The zinc-finger protein Zat12 plays a central role in reactive oxygen and abiotic stress signaling in Arabidopsis.

Plant acclimation to environmental stress is controlled by a complex network of regulatory genes that compose distinct stress-response regulons. In contrast to many signaling and regulatory genes that are stress specific, the zinc-finger protein Zat12 responds to a large number of biotic and abiotic stresses. Zat12 is thought to be involved in cold and oxidative stress signaling in Arabidopsis (Arabidopsis thaliana); however, its mode of action and regulation are largely unknown. Using a fusion between the Zat12 promoter and the reporter gene luciferase, we demonstrate that Zat12 expression is activated at the transcriptional level during different abiotic stresses and in response to a wound-induced systemic signal. Using Zat12 gain- and loss-of-function lines, we assign a function for Zat12 during oxidative, osmotic, salinity, high light, and heat stresses. Transcriptional profiling of Zat12-overexpressing plants and wild-type plants subjected to H(2)O(2) stress revealed that constitutive expression of Zat12 in Arabidopsis results in the enhanced expression of oxidative- and light stress-response transcripts. Under specific growth conditions, Zat12 may therefore regulate a collection of transcripts involved in the response of Arabidopsis to high light and oxidative stress.

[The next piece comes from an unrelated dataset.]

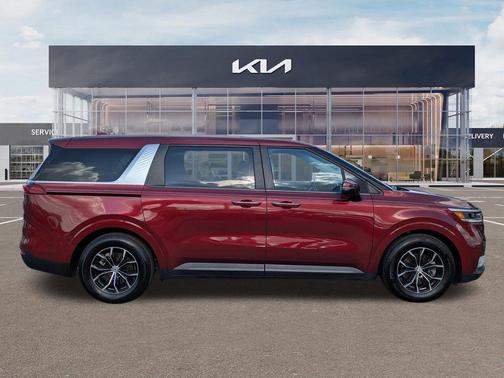 Flare Red 2024 Kia Carnival LX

Our results suggest that Zat12 plays a central role in reactive oxygen and abiotic stress signaling in Arabidopsis.

Cytosolic ascorbate peroxidase 1 is a central component of the reactive oxygen gene network of Arabidopsis.

Reactive oxygen species (ROS), such as O2- and H2O2, play a key role in plant metabolism, cellular signaling, and defense. In leaf cells, the chloroplast is considered to be a focal point of ROS metabolism. It is a major producer of O2- and H2O2 during photosynthesis, and it contains a large array of ROS-scavenging mechanisms that have been extensively studied. By contrast, the function of the cytosolic ROS-scavenging mechanisms of leaf cells is largely unknown. In this study, we demonstrate that in the absence of the cytosolic H2O2-scavenging enzyme ascorbate peroxidase 1 (APX1), the entire chloroplastic H2O2-scavenging system of Arabidopsis thaliana collapses, H2O2 levels increase, and protein oxidation occurs. We further identify specific proteins oxidized in APX1-deficient plants and characterize the signaling events that ensue in knockout-Apx1 plants in response to a moderate level of light stress. Using a dominant-negative approach, we demonstrate that heat shock transcription factors play a central role in the early sensing of H2O2 stress in plants. Using knockout plants for the NADPH oxidase D protein (knockout-RbohD), we demonstrate that RbohD might be required for ROS signal amplification during light stress. Our study points to a key role for the cytosol in protecting the chloroplast during light stress and provides evidence for cross-compartment protection of thylakoid and stromal/mitochondrial APXs by cytosolic APX1.